Four Questions with Co-founder and CEO of Ambience Healthcare

It seems that sometimes we're telling ourselves in healthcare that AI can solve everything. What can it realistically solve - and what can't it? 

NB: The reality is we’re at a place and time where we have no choice but to leverage it. Most health systems are partnering on AI, not building it themselves. So for this next phase, it’s all about the right partners on the software side -- whether it’s solving the clinician burnout problem, the rev cycle problem, the quality problem, and more. The solution in the past was to throw labor at these problems. AI has enormous potential but the challenge is the frontier models off the shelf aren’t good at health-specific tasks. There’s no evidence they’ll get good without the right company distilling the expertise of the world’s best experts into these models. And then these partners need to own the outcome, so the viability of their organization only exists if the problems actually get solved. To underline that, it means software vendors that are selling AI solutions need to go at risk.

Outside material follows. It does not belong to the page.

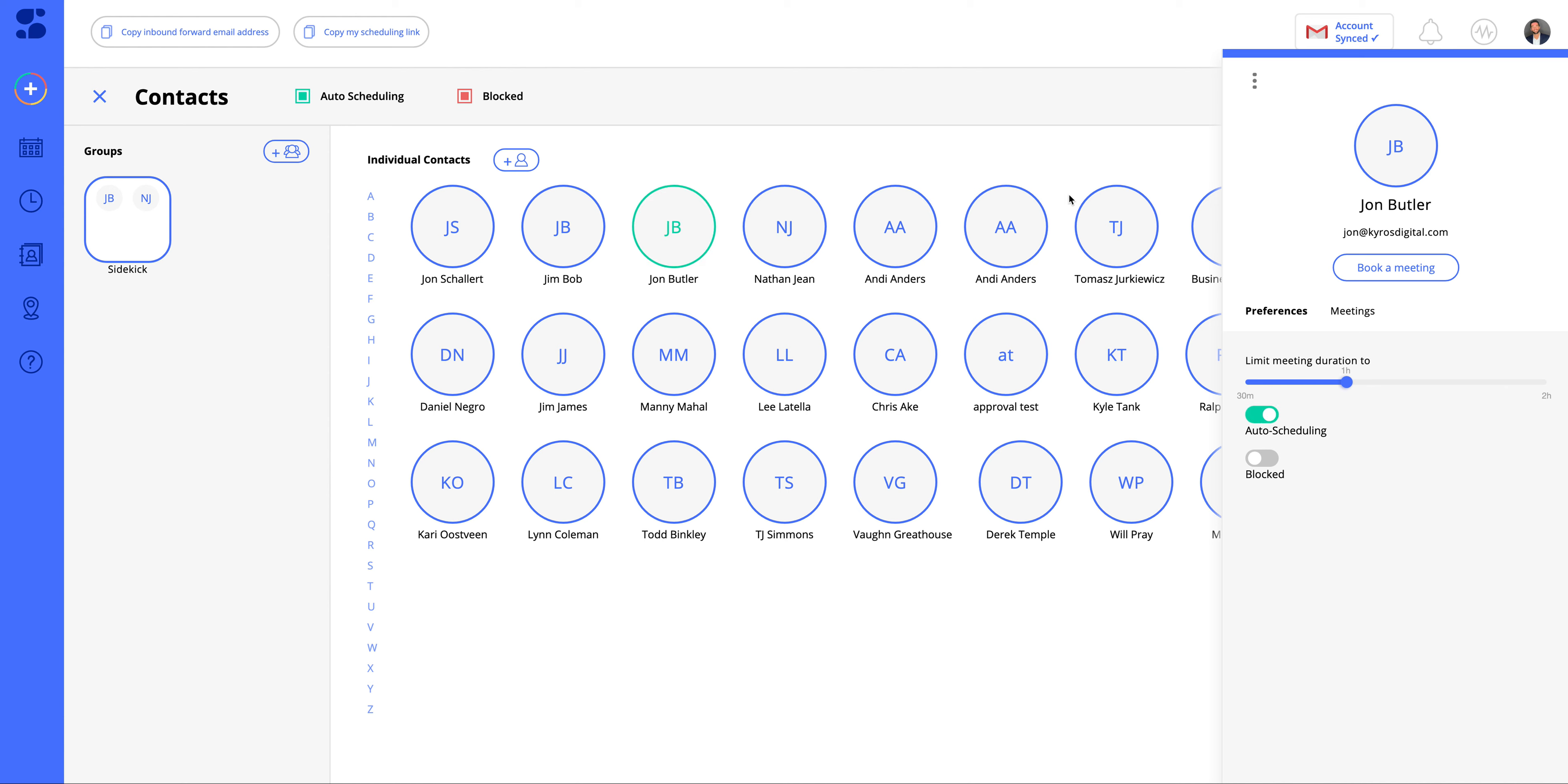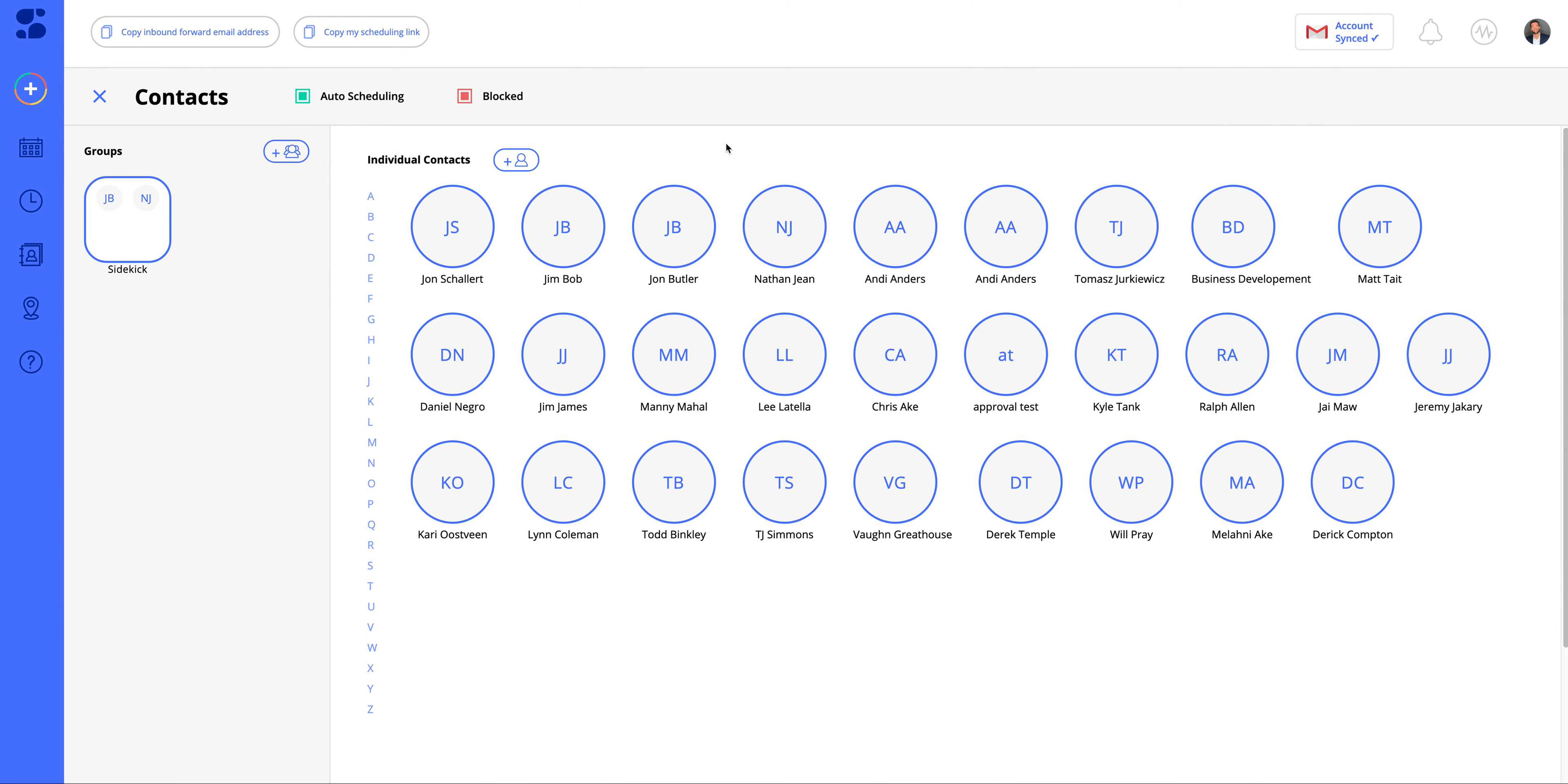Whenever they book a meeting with you and request it, that meeting will be booked in an open time slot within your calendar. We also have a feature where you can block this person if you want. You can see that turns red. We turn on auto scheduling, that turns green. We turn off auto scheduling, and now it's neutral blue.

Should physicians and other providers be doing work with AI companies (the labeling, the reviewing, and so forth) at the potential expense of themselves - especially if this AI is coming for their jobs? 

NB: There’s so much to unpack here with this question. I think most people misunderstand how to build high-quality models and they might be collecting bad data to create bad models. So there's that. But from a clinician POV, it’s a tricky one. It really is. The reality is whether we like it or not these models will get smarter and they’re going to get smarter in all domains. Foundation model makers want to make them really good at some domains like software engineering. There’s still work to be done, however, to make foundation models good at healthcare-specific things like prior authorization and coding. This speaks to a bigger question of what the role of people should be in the industry as the models get better and better. Even at our own company, the job of an engineer has changed so much. So should software engineers be making models that code better than them? And should we be asking about how we reimagine our role, in collaboration with them? On the clinician front, it's not about taking jobs. It's that we don’t have enough providers to go around to take care of the population, especially as we age. 

That's an interesting point about software engineering. As a CEO, how are you hiring differently because of AI? 

NB: I think the reality is hiring a smaller number of truly world class people, and pushing the bounds of how we give people leverage in terms of AI. Engineering is the most mature in terms of leveraging code capabilities, triaging root cause for system downtime, looking for security vulnerabilities. What previously required a staff engineer surrounded by 5 others can now be done with 1 engineer. We are finding that we don't need 250 engineers, when the same work can be done with 50. We are seeing that play out over other parts of the org now also. So one of our big projects: How do we make sure that every conversation we have with a partner or prospect gets encoded into a shared brain — we have a dedicated team building a company brain so every person can see it. How do we take the lived experience & context of our 10th employee and give it to our 100th? Mike [Ng, cofounder & President of Ambience] is spending time right now on building that brain to give everyone leverage. So bottom line: We are hiring far fewer people, and our bar is much higher.

So why raise venture capital? Couldn't you get by with far less given you are becoming more operationally efficient? 

NB: We believe companies like ours should put revenue at risk with our health system customers. We get paid if we succeed at what we say we will. If you have $100m of revenue at risk, for example, you can’t do that with $70 million in the bank. That’s a major reason that prompted us to raise our $243m series C.